Por supuesto las faltas cometidas por hombres y mujeres en temas sexuales reflejaban de la misma forma la desigualdad de ambos géneros. Si una mujer cometía una infidelidad estando casada era una adúltera y sufría un severo castigo, pudiendo ser azotada públicamente. Por supuesto, cuando la fertilidad femenina se extinguía, fruto de la edad o de la enfermedad, debía apartarse de lo carnal y vivir con su esposo de manera fraternal. Tampoco podía mostrar los encantos de su cuerpo pues incitaba al varón a cometer actos pecaminosos por su culpa.
En la leyenda anglosajona de Lady Godiva (s. XI) la protagonista, para favorecer a su pueblo, tuvo que cabalgar completamente desnuda. Su belleza era enorme pero aún así la vergüenza de ser contemplada era tal que pidió a sus súbditos que se encerraran en sus casas para no contemplarla, algo que hicieron casi todos. No se trataba del pudor natural que pueden sentir lo lectores de estas líneas si se ven en una situación parecida, era algo más profundo que apenas se puede llegar a describir.

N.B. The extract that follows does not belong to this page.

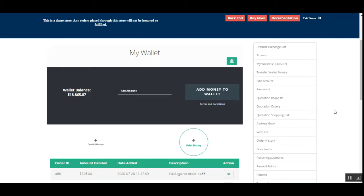Hello, and today we'll be checking out the OpenCart Wallet System plugin. This particular plugin allows customers to make online payments using their wallet system. Customers can use their wallet cash during checkout, and the money will get deducted from their wallet for the order they're going to place.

De hecho podemos hacernos una ligera idea si pensamos en la escasez de imágenes de hombres y mujeres desnudos a la manera que se plasmaban en el arte clásico. El cuerpo humano incitaba al deseo y la mujer, como hija de Eva, podía llevar al hombre a la perdición con sus encantos físicos y su “maldad natural”. El hombre, en el caso de mantener relaciones extramatrimoniales se había “amancebado”, sufriendo una pena mucho más leve. También es cierto que el adulterio con gentes no cristianas podía suponer la hoguera pues era doblemente pecaminoso.